It is at this point that we have to take out that block that I put on considering the media. I really did enjoy this film, for all of the reasons I have written above. The three-dimensional characters are beautifully written, and the decisions to make the film more intimate in its nature instead of attempting to compete with the superhero big-leagues was a wise move, as it sets it apart from the rest of its genre. However, I also feel like the creators of this film made it in a media blackout. Apocalypse was widely panned by fans and critics alike, and yet there seems to be little attempt to remedy the issues that plagued this film.
While clearly the executives have attributed the failings of Apocalypse to its grand world-ending scale, the problem was in fact the concept that the audience felt desensitised to the X-Men: and, moreover, to these particular X-Men. In a comic book series with such a long and illustrious publication history, it is tricky to fathom why exactly the franchise was rebooted with younger versions of all of the original superheroes, especially when there are plenty who haven’t been realised yet for film. Moreover, the films have always been tonally inconsistent with the source material, which is mainly focussed upon the exploits of the team as one, while the films seems to revel in splitting up the group and only having a few as its focus.
Indeed, for the vast majority of this film, the X-Men remain divided and fighting amongst themselves, in contrast to the joyous scene we saw at the beginning where Mystique used the strengths of all of the team to overcome a threat. That is the sort of content that fans enjoy seeing, as opposed to another adaptation of the Dark Phoenix Saga. The Dark Phoenix Saga is the best selling comic book arc of the X-Men, and it’s obvious to see why they adapted it, but this was not the only choice, especially considering the fact that it’s already been adapted for film. Lots of the comic book storylines use Apocalypse as an enemy, and unfortunately that opportunity was already squandered, considering the wonderful ways in which Apocalypse was used in the 90s animated series. Instead, even an adaptation of original Phoenix Saga would have been appropriate, in which Jean does not go crazy, but does instead embrace the Phoenix identity in order to protect her teammates. The Dark turn can then be utilised in a later film, instead of trying to cram it all into one, as well as being more brave to include some more cosmic elements – or, indeed, to just invent their own storyline separate from one done in the comics before.

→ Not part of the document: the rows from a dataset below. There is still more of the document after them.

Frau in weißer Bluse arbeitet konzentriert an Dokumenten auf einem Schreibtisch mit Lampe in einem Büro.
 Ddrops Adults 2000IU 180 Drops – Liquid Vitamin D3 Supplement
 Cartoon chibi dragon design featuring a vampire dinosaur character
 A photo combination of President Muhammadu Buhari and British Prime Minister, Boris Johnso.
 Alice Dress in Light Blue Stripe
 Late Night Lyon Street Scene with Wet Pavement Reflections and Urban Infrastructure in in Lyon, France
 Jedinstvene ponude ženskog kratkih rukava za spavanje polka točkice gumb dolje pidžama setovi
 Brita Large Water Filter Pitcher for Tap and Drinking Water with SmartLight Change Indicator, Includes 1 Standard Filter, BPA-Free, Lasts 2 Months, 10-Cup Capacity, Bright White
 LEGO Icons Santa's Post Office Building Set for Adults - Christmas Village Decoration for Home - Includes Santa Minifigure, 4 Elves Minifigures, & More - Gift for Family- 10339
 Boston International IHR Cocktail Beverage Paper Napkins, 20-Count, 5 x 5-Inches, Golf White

Ultimately, Dark Phoenix is a surprisingly deep superhero instalment, featuring brilliant characterisation and performances from all of the main cast. It’s a film that finds its voice in the quiet moments, setting it apart from its blockbuster competitors. Though learning all the wrong lessons from its preceding film, it is a pleasurable enough end to the superhero franchise that revived comic book fever.
Look out for my assessment of the entire X-Men franchise and my problems with its film adaptations coming soon.
Dark Phoenix is in theatres now.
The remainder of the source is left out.